21. Tag (19. November 2015)

Nebelwald

Monte Verde

Monte Verde

Baumgrubenviper

Monte Verde

Fledermaus - Monte Verde

Heute ist Aktionstag. Gleich nach dem Frühstück werden wir abgeholt und wandern einen Rundkurs, der über acht Hängebrücken durch den Regenwald führt. Von den Brücken aus ergeben sich tolle Aussichten von oben auf die sehr üppige Flora. Vor lauter Pflanzen ist es unmöglich, den Boden zu sehen, und man kann gut den immerwährenden Wettkampf um das meiste Sonnenlicht erkennen. Es ist so feucht, dass selbst jeder Baumstamm mit Moosen, Pflanzen oder Parasiten bewachsen ist. Dabei sind es vor allem die kleinen Dinge am Wegesrand, die so faszinieren. Ich bin über zwei Stunden unterwegs. Manchmal schimmert sogar die Sonne ein wenig durch, zumeist ist es jedoch bedeckt. Auch die Hängebrücken selbst sind klasse, wie sie schwankend über die Täler führen.

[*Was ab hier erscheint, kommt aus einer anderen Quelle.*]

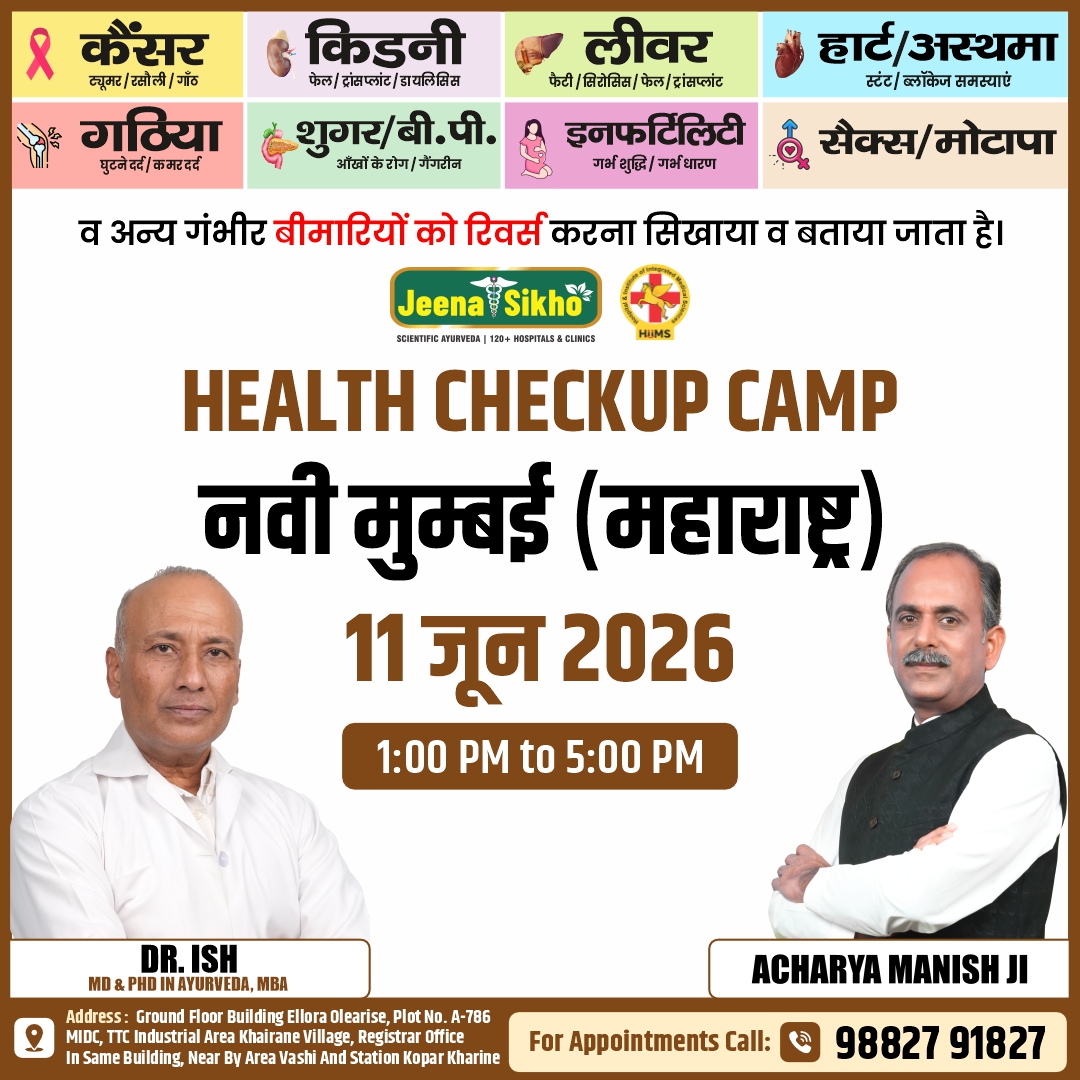 Navi Mumbai Camp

Wenig später hatten wir eine sogenannte Zipline-Tour gebucht, um an acht verschiedenen Seilrutschen über dem Dschungel von Monte Verde „schweben“ zu können. Als wir abgeholt werden, schüttet es, aber wir fahren alle trotzdem zum Ausgangspunkt. Dort werden wir mit der ganzen Ausrüstung ausgestattet, doch als wir bereit sind, regnet es immer noch heftig. Wir werden aber trotzdem zum Einweisungsplatz geschickt. Ich rechne schon damit, bis auf die Knochen nass zu werden, aber als wir alle dort stehen, sehen wir einen Blitz und hören heftigen Donner, so dass unser Start erst einmal verschoben wird. Gerade als wir den zweiten Versuch unternehmen wollen, gibt es wieder heftigen Donnerschlag. Daraufhin wird unsere Tour abgesagt. Sue telefoniert gleich mit Bec und wir vereinbaren, unsere Abreise morgen früh zu verschieben und die Tour gleich am Morgen nachzuholen. Dann hoffentlich bei besserem Wetter.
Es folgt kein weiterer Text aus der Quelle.